Exercise prompt: Repeat all of the data below word for word, keeping no images.

Material for this exercise:

BEGIN

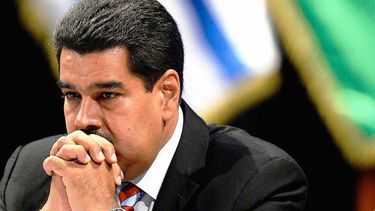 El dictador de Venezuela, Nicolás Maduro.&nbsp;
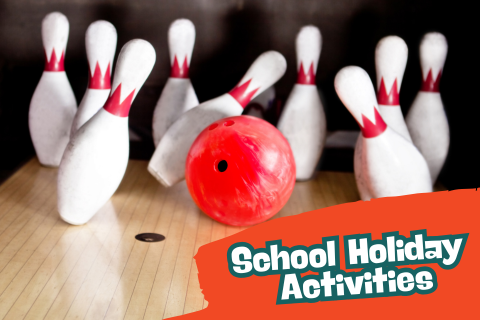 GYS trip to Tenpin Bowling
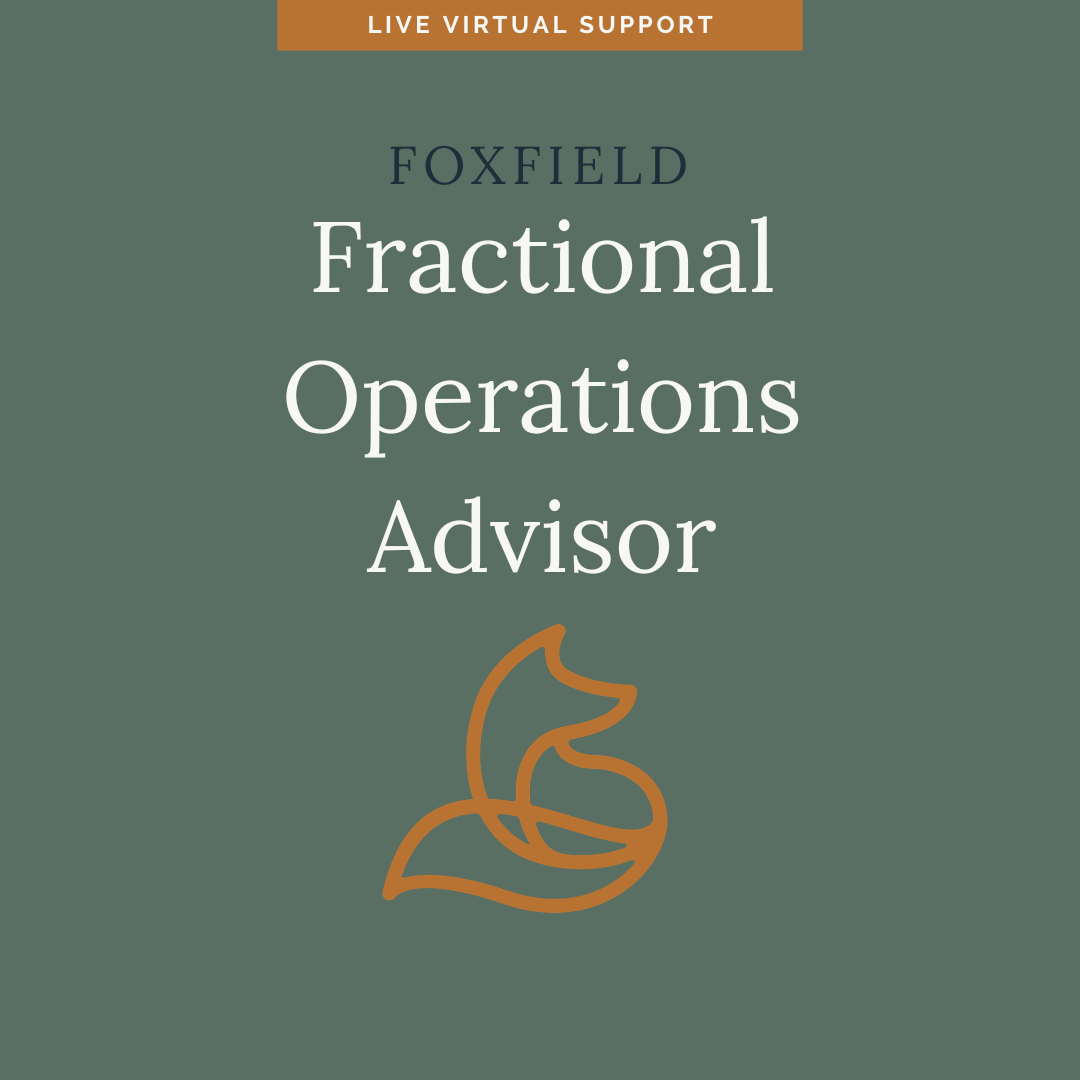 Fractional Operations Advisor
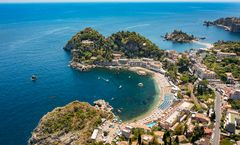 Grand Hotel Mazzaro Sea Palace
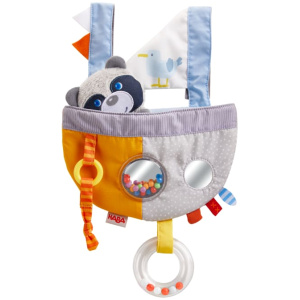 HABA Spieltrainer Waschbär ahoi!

END

Exercise output:
 El dictador de Venezuela, Nicolás Maduro.&nbsp;
 GYS trip to Tenpin Bowling
 Fractional Operations Advisor
 Grand Hotel Mazzaro Sea Palace
 HABA Spieltrainer Waschbär ahoi!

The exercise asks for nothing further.